Goal of the exercise: Could you give back every record below exactly, leaving out the pictures?

Material for this exercise:
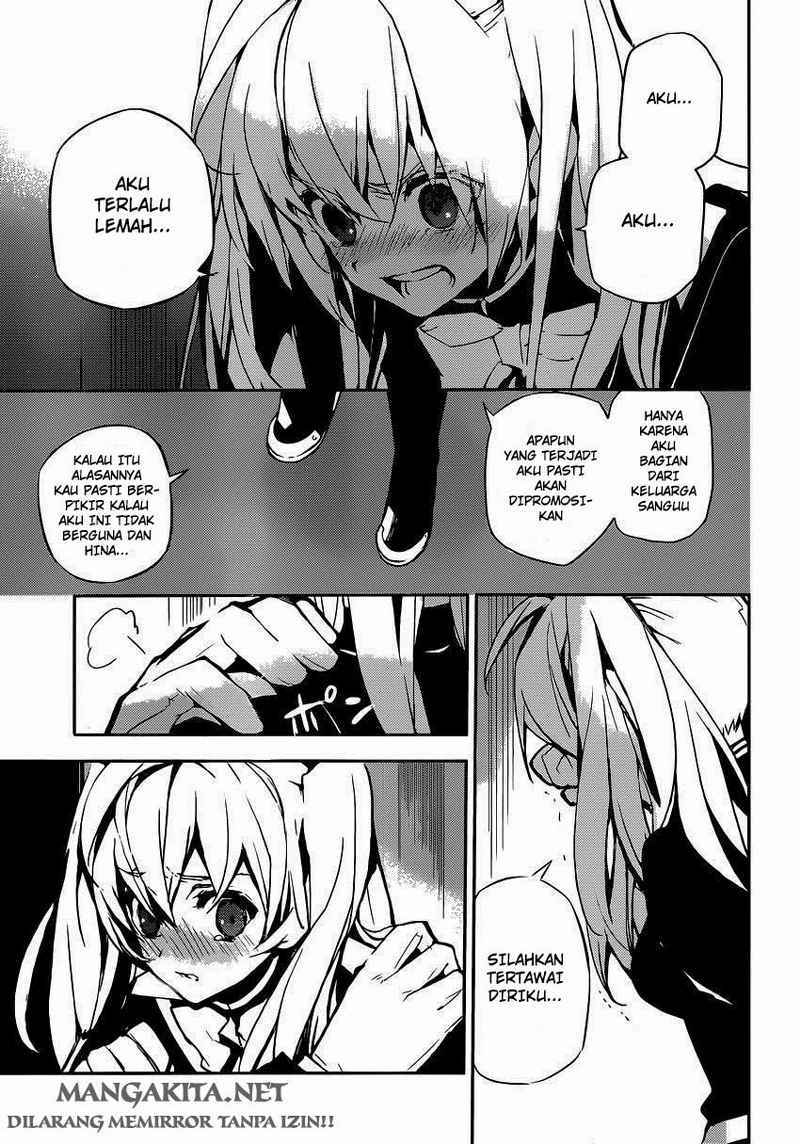 Owari no Seraph Chap 16 - Next Chap 17
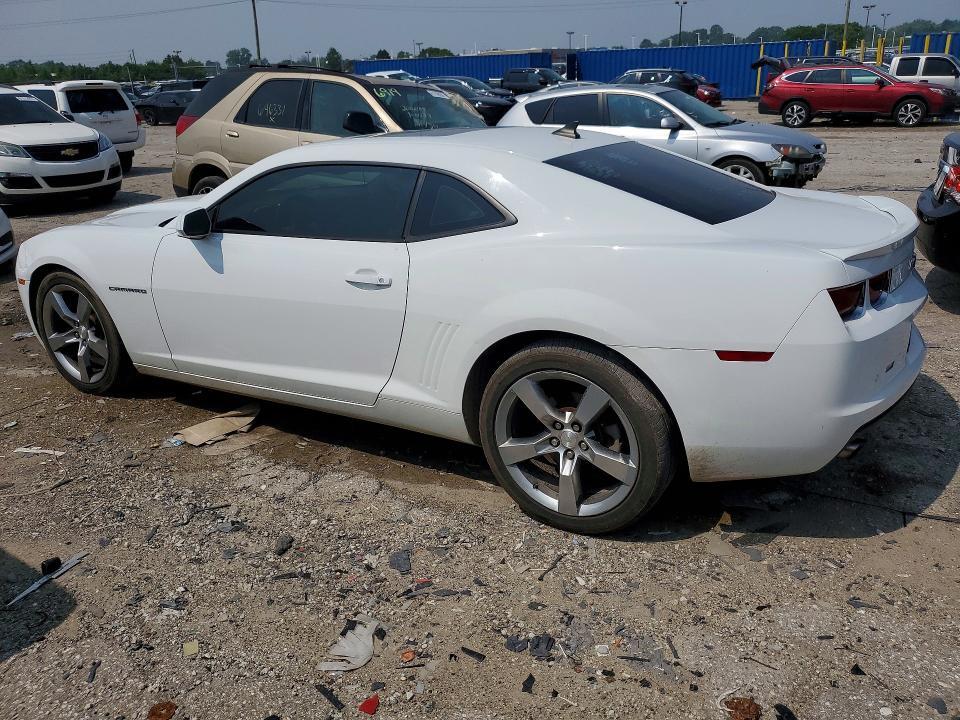 2011 CHEVROLET CAMARO LT — Фото 2 из 12
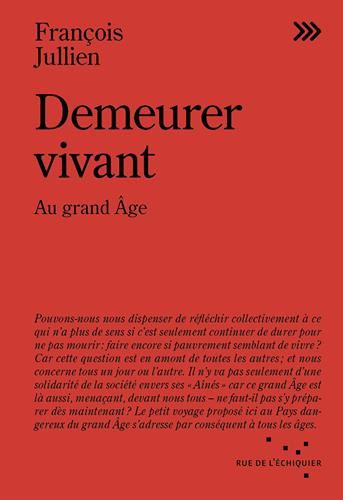 Demeurer vivant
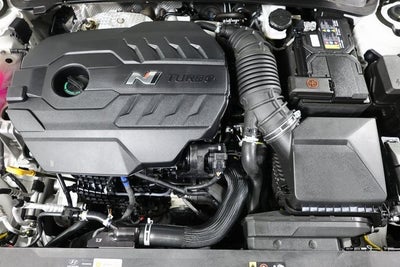 2023 Hyundai Elantra N Base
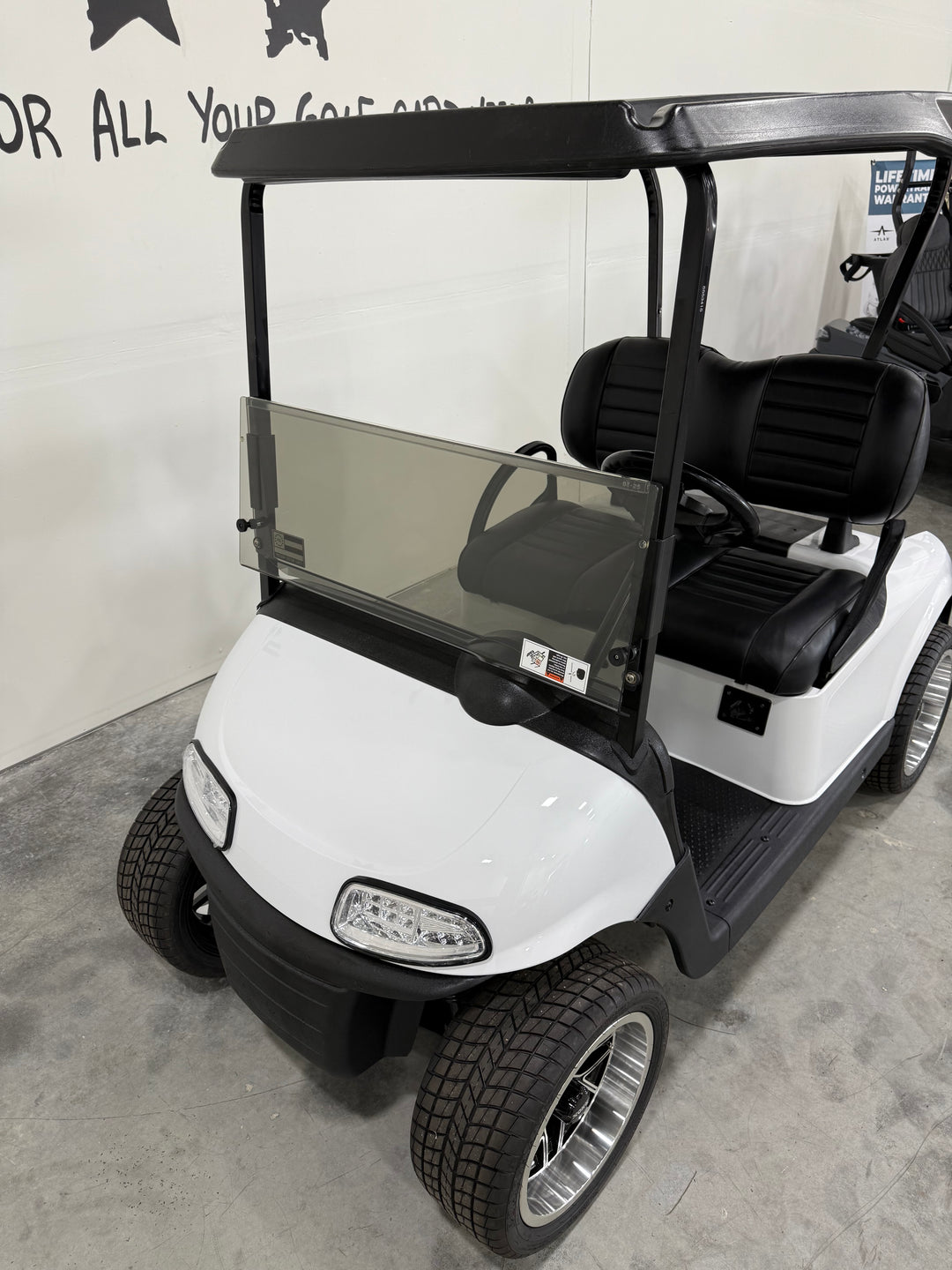 2020 EZGO RXV Elite 2.0 Electric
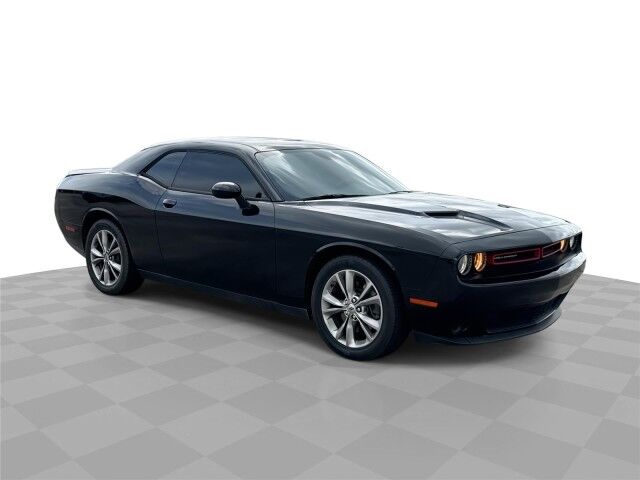 2020 DODGE Challenger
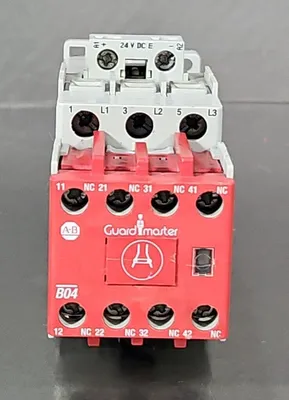 Allen-Bradley 100S-C37EJ04C (Complete Device) Safety Contactor. 4E-19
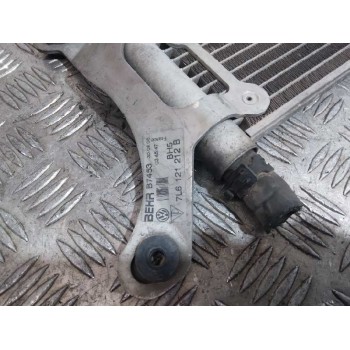 Recambio de radiador agua para audi q7 (4l) 3.0 tdi referencia OEM IAM 7L6121212B  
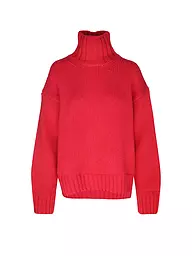 CLOSED | Rollkragenpullover | Rosso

Result of the exercise:
 Owari no Seraph Chap 16 - Next Chap 17
 2011 CHEVROLET CAMARO LT — Фото 2 из 12
 Demeurer vivant
 2023 Hyundai Elantra N Base
 2020 EZGO RXV Elite 2.0 Electric
 2020 DODGE Challenger
 Allen-Bradley 100S-C37EJ04C (Complete Device) Safety Contactor. 4E-19
 Recambio de radiador agua para audi q7 (4l) 3.0 tdi referencia OEM IAM 7L6121212B  
 CLOSED | Rollkragenpullover | Rosso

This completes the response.